Use Numeric Character References Instead Of Entities

Numeric Character References (NCR) offer a better way to escape characters. For example, the entity &euro; representing the € symbol is equivalent to the NCR &#8364;.

Add Space Before Closing Empty Elements

Empty element cannot contain text or other elements. They include area, base, br, col, hr, img, input, link, meta and param. When using empty elements, always include a space before the trailing / and >. For example, instead of writing <br/>, write <br />.

Minimize Syntax For Empty Elements

Minimize syntax for empty elements. For example, instead of writing <br></br>, empty elements should be written as a single closed element such as <br />.

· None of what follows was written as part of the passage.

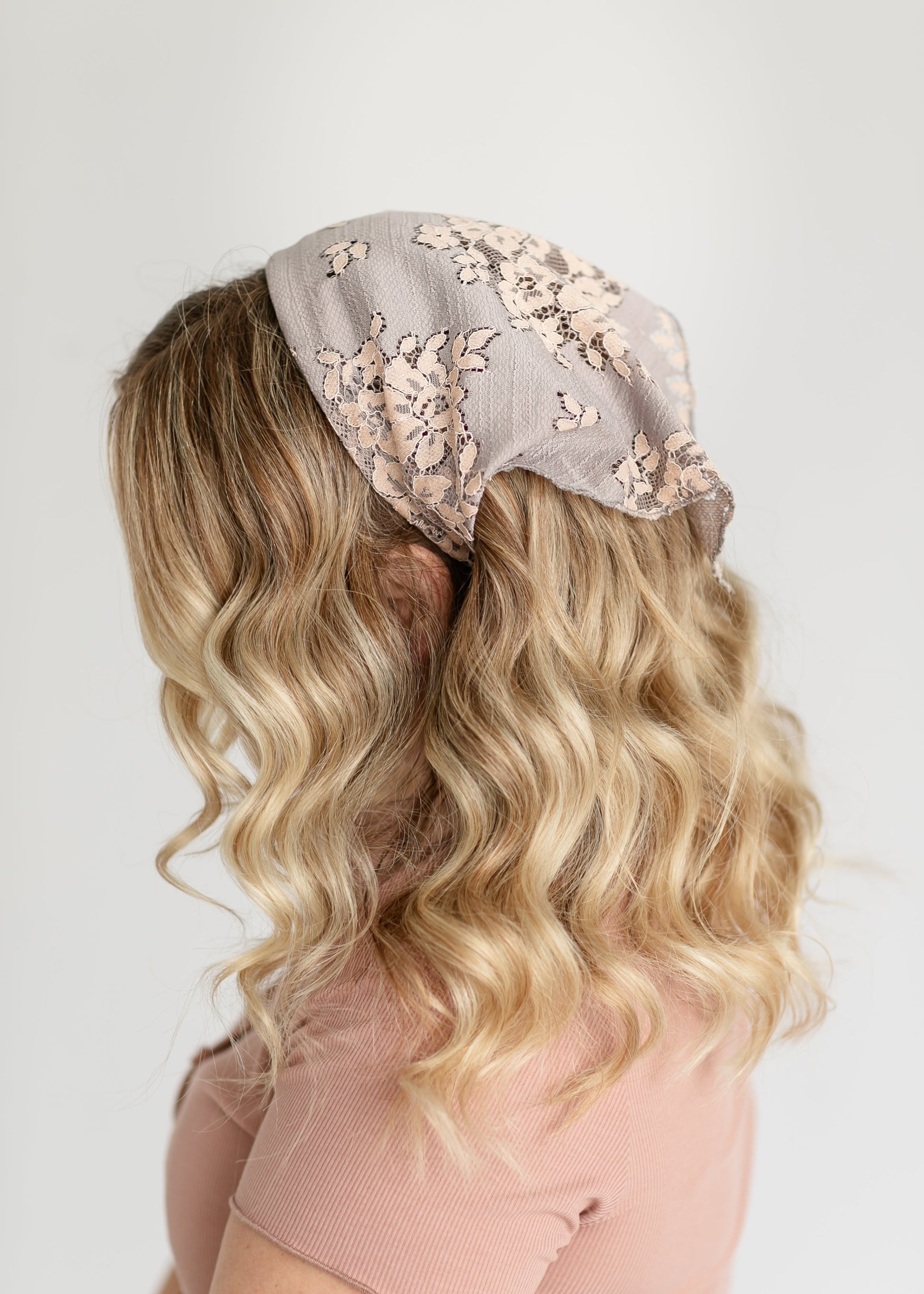 Boho Floral Lace Headscarf Accessories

Write Boolean Attributes In Full

Some attributes represent boolean values. The presence of these attributes implies that the value of the attribute is "true". Their absence implies a value of "false". For example, in HTML, if the option element contained the attribute selected, this represented that the option was set to "true":

  1. <select name="country">
  2. <option value="1" selected>Italy</option>
  3. <option value="2">France</option>
  4. </select>

In HTML, boolean attributes could be written in a minimized form, with just the value of the attribute, or in full form, with the name and the value of the attribute. In XHTML, the full form must be used where the name of the attribute is the same as the value of the attribute. For example:

  1. <select name="country">
  2. <option value="1" selected="selected">Italy</option>
  3. <option value="2">France</option>
  4. </select>

Embedded JavaScript And CSS

If script or style elements contain the markup characters <, >, & or ", the contents of these elements needs to be placed inside a CDATA section. In addition, for compatibility reasons, put // comments before the opening and closing CDATA markup. For example:

  1. <script type="text/javascript">
  2. //<![CDATA[
  3. alert('Tom & I want to say "10 > 9"');
  4. //]]>
  5. </script>

The alternative is to use external script and CSS documents.

White Space Characters In Attributes

When XHTML is processed as XML, leading and trailing white space and line breaks in attributes are removed. Therefore, to get consistent behavior regardless of how XHTML is processed, avoid using leading / trailing white space and line breaks in attributes.

Serving backward-compatible XHTML

Once XHTML is written correctly, it must be served to Web browsers as HTML in order to be backward-compatible. To instruct browsers to treat XHTML as HTML (versus XML), use media types.

If a the media type for an XHTML Web page is given as text/html, the Web browser will parse the Web page as though it were HTML. If the media type is given as application/xhtml+xml, the browser will parse the page as XML.

Since Web servers and server-side scripting environments (PHP, ASP, etc.) use the text/html media type for Web content, you do not need to do anything special in order to server XHTML as HTML. In other words, by default, your XHTML Web pages will be served as HTML.